**EXERCISE GOAL:** In the records below, find the line containing "Used 2025 Nissan Sentra SV image 41"; restate it and every later line word for word, through the last.

**EXERCISE MATERIALS:**

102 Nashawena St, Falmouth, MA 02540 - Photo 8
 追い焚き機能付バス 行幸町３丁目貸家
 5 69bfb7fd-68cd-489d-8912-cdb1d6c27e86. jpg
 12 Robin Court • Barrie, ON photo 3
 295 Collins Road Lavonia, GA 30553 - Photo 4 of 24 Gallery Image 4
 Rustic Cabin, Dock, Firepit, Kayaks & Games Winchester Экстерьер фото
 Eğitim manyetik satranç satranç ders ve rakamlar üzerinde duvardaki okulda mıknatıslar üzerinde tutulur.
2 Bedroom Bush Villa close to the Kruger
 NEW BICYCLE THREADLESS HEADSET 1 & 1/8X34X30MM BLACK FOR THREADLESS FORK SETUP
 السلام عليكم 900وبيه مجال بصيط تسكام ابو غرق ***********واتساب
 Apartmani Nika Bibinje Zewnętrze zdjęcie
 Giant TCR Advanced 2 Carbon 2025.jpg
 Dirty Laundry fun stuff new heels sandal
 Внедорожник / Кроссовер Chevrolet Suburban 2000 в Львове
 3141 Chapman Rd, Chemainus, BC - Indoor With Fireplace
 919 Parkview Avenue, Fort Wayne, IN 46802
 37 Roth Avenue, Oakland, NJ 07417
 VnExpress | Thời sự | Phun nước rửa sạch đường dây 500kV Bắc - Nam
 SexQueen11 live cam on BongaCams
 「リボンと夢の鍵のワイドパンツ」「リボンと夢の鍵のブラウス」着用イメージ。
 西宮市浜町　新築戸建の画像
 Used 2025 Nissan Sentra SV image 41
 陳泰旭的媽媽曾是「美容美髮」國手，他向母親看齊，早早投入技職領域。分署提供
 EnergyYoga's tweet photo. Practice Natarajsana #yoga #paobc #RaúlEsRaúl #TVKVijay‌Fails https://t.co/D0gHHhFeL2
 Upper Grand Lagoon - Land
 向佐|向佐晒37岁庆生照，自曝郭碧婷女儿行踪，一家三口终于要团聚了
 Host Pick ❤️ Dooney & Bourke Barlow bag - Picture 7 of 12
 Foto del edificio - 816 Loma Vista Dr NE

**EXERCISE ANSWER:**
 Used 2025 Nissan Sentra SV image 41
 陳泰旭的媽媽曾是「美容美髮」國手，他向母親看齊，早早投入技職領域。分署提供
 EnergyYoga's tweet photo. Practice Natarajsana #yoga #paobc #RaúlEsRaúl #TVKVijay‌Fails https://t.co/D0gHHhFeL2
 Upper Grand Lagoon - Land
 向佐|向佐晒37岁庆生照，自曝郭碧婷女儿行踪，一家三口终于要团聚了
 Host Pick ❤️ Dooney & Bourke Barlow bag - Picture 7 of 12
 Foto del edificio - 816 Loma Vista Dr NE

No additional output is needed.